_Data section_
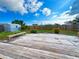 Large backyard with wooden deck and storage shed at 21157 Midway Blvd, Port Charlotte, FL 33952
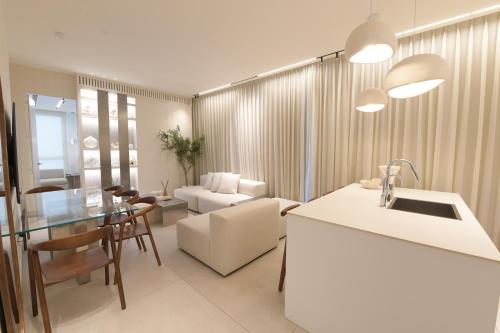 a kitchen and living room with a table and a couch at Omega Pent House in Eilat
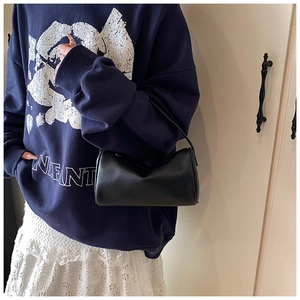 Détail du sac cylindrique noir en cuir grainé porté avec un sweat et une jupe en dentelle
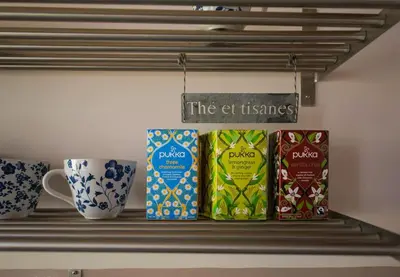 a shelf with three coffee cups on it at Vatican Dolce Vita in Rome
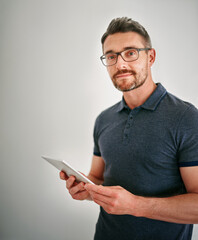 Canvas Print - You name it, theyve got an app for that. a man using a digital tablet against a gray background.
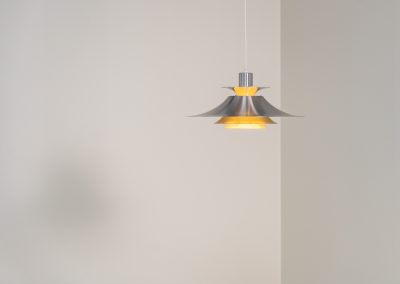 Brushed aluminium pendant light by Frandsen (Denmark, 1970s). A beautiful lamp made out of four aluminium shades and featuring an elegant silhouette. The lamp remains in splendid condition.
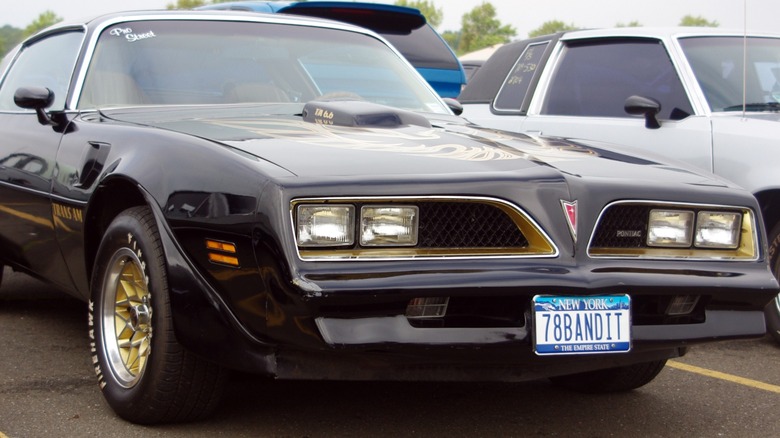 A 1978 Pontiac Trans Am matching the design used in the Smokey and the Bandit movie franchise.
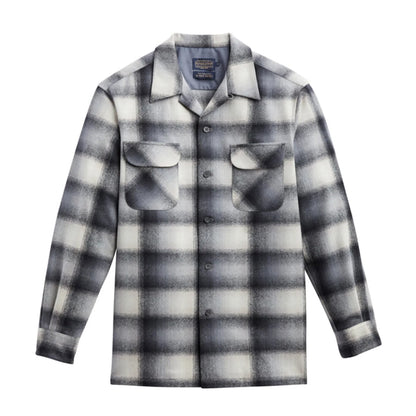 a long-sleeved, plaid board shirt with a tan and slate ombre design on a white background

_What needs to be done_
Copy word for word the lines above, starting at the line containing "a kitchen and" and ending at the line containing "Brushed aluminium pendant", inclusive, with no pictures.

_Output for this exercise_
 a kitchen and living room with a table and a couch at Omega Pent House in Eilat
 Détail du sac cylindrique noir en cuir grainé porté avec un sweat et une jupe en dentelle
 a shelf with three coffee cups on it at Vatican Dolce Vita in Rome
 Canvas Print - You name it, theyve got an app for that. a man using a digital tablet against a gray background.
 Brushed aluminium pendant light by Frandsen (Denmark, 1970s). A beautiful lamp made out of four aluminium shades and featuring an elegant silhouette. The lamp remains in splendid condition.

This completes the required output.